Fix/1369 custom resolver #1385

alexdutton · 2021-08-04T13:47:38Z

Proposed Changes

This adds a new Resolver framework, and updates the JSON-LD parser to use it.

As a result, implementors have much more control over which URLs referenced in JSON-LD documents will be resolved.

This PR implements a default-deny approach to URL resolution, which will need explaining in release notes and documentation. Implementors can revert to the old behaviour via environment variable if they are happy with the risks.

This also provides a base for future extensibility, e.g. caching or using locally-held copies of external resources.

No tests or documentation yet, but all existing tests pass when using the new PermissiveResolver.

This adds a new Resolver class which can be overridden with a call to `set_default_resolver()`. This is the start of resolving RDFLib#1369, and we'll add more functionality to the Resolver class in subsequent commits.

This adds individual methods for resolving file: and http[s]: URLs, and a mechanism to extend for additional schemes and behaviour in subclasses.

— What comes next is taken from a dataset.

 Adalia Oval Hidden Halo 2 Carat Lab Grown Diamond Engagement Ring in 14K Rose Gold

To maintain the existing behaviour of create_input_source, we add a `trust` parameter which bypasses the new `is_resolution_allowed()` check. Our default otherwise is to say no, with other behaviour currently configurable using `set_default_resolver()`. At the moment there is no code that uses resolvers directly, except for `create_input_source()`. Soon, we'll update the JSON-LD parser to use it directly (i.e. with `trust=False`), at which point the new resolution restrictions will take effect.

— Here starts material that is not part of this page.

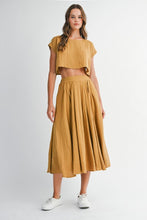 Load image into Gallery viewer, Golden Mustard Midi Skirt Set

These provide, respectively: 1. a straightforward way to allow-list schemes and URLs by environment variable or instantiation parameter, as the default resolver. 2. a way to allow all resolution, which was the pre-6.0.x behaviour.

People deploying can now use e.g. `RDFLIB_DEFAULT_RESOLVER_CLASS=rdflib.resolver.PermissiveResolver` to change resolution behaviour without having to resort to code. It doesn't provide a way to specify instantiation arguments for the given resolver, but that's fine. Setting the resolver is now performed while holding a `threading.Lock()`. We find the default resolver lazily so to avoid any import loops where a custom resolver (necessarily) imports the `rdflib.resolver` module.

We don't need to return anything other than the InputSource. We ensure that the system ID is set, as that should contain the absolute_location. The previous return values can be reconstructed in the internal `_create_input_source_from_location` function.

We pass an explicit resolver around, defaulting to `get_default_resolver()` if not specified. `source_to_json()` has been removed as it uses `create_input_source()`, which trusts all locations passed to it. Instead, we parse json explicitly in the two places where it was called. Resolves RDFLib#1369.

nicholascar · 2021-08-28T06:50:33Z

Hi @alexdutton I am watching this PR with interest - I think it's a great idea to have "everything" available to RDFlib users, and, if scary, off by default - so look forward to you bringing it out of draft.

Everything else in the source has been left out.